The final tally for the duo includes two conference doubles titles, as freshmen and seniors, and three overall doubles titles — a bracket comprised of top state place winners across all classes — as sophomores, juniors and seniors.
Along the way, they also contributed to four straight conference and state team titles and just for good measure, they went undefeated their senior year for the first time in their high school careers.
“Our freshman year, that (state title) was a really big one,” Weeks said. “At the state tournament we actually lost the first set in our first two matches. We were pretty close to losing and we just fought through it.”
The players confessed to feeling the weight of the bullseye on their backs, particularly so in their final year. But the combined experience they’d racked up, as well as the unshakable chemistry they shared as a team, helped them shelve the stress and focus on the competition.
“At least for me, I think this year was definitely more pressure,” Nolan said. “Just because a lot of people felt that it was expected that we should win since we had done it the past three years. That really wasn’t the truth. I kept on telling people, ‘This is our hardest year.’”

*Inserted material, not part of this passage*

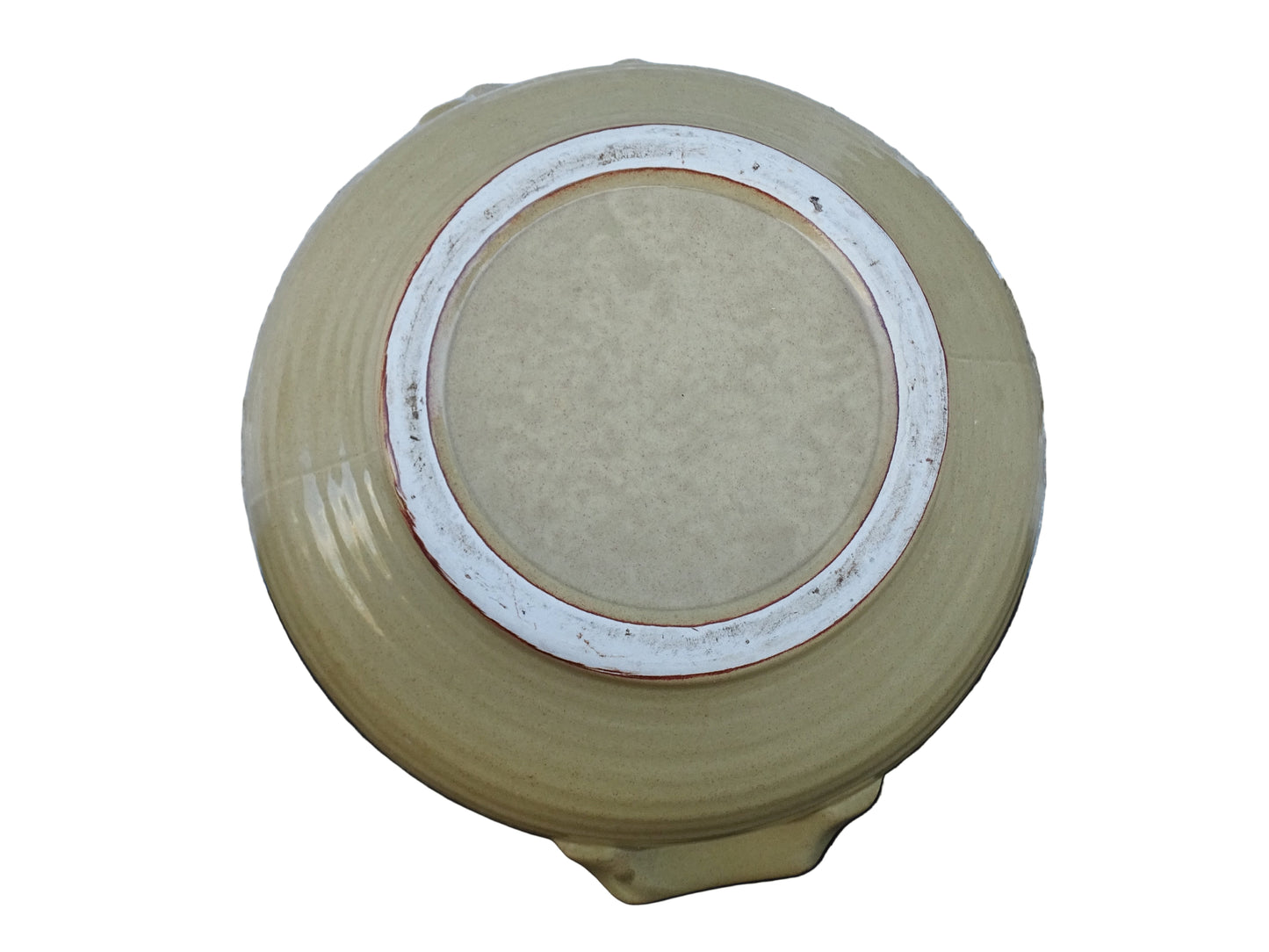 Vintage French pottery tureen with pale yellow glaze.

Even so, the team was seldom challenged throughout most of the regular season and into postseason play. The team got a scare at the overall championship when Little Rock Central rivals Zandy Djurica and Phillip Abston (a Catholic High transfer) punched them in the mouth 2-6 in the first set of the semis. And disaster nearly struck in the state semi-finals against Cooper Gommel and Payne Henry of Rogers.
“(Rogers) actually had set point on us the first set,” Weeks said. “They were up 5-4 but we came back and won that set 7-5 and then we won the next set. That was pretty much our last close call.”

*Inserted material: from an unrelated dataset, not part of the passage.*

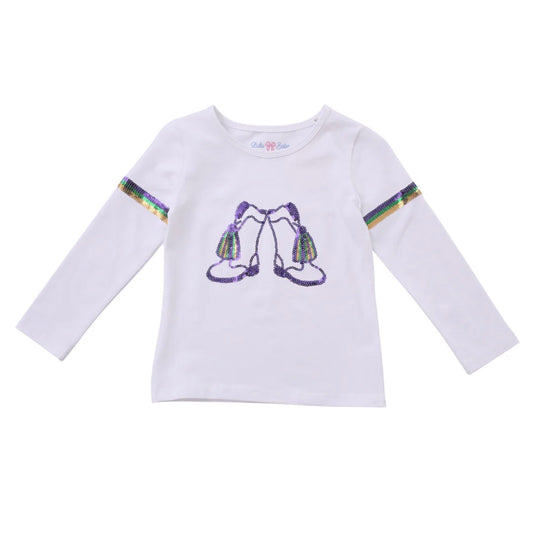 Mardi Gras Boots Sequin Tee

When the final ball hit the ground, the twosome dropped their rackets and embraced, a year’s weight lifted off their shoulders, loosing pent-up joy four years in the making.
“It was everything; it was elation, relief, sadness. I was just overwhelmed,” Nolan said. “All my family was in the crowd and all of my friends’ families. Our best friends were there, they were allowed to leave school to watch. I was just happy to get off the court and hug everyone who’d watched us for the past four years. Obviously, it was sad that it was over. It was a mixture of everything.”
Neither athlete has a taste for competition at the next level, at least not of the intercollegiate variety. Both say they will play for fun and leave it at that as they move into the next chapters of their lives. And both are as grateful to the game as they are aware of their permanent place in it, both for their high school and their state.
“One of the big things I’m taking away from this is, we did win four state championships in a row and that’s obviously important and cool, but it’s not the most important thing,” Weeks said. “It’s about how other people see you and how you act and how you show others what you represent.”
“It’s definitely taught me that hard work pays off,” Nolan said. “We put our heads down, we grinded, we worked so hard. Not even for the past four years, but for the past 10 years. It was hard doing all of that and keeping with it. But it feels good when it pays off.”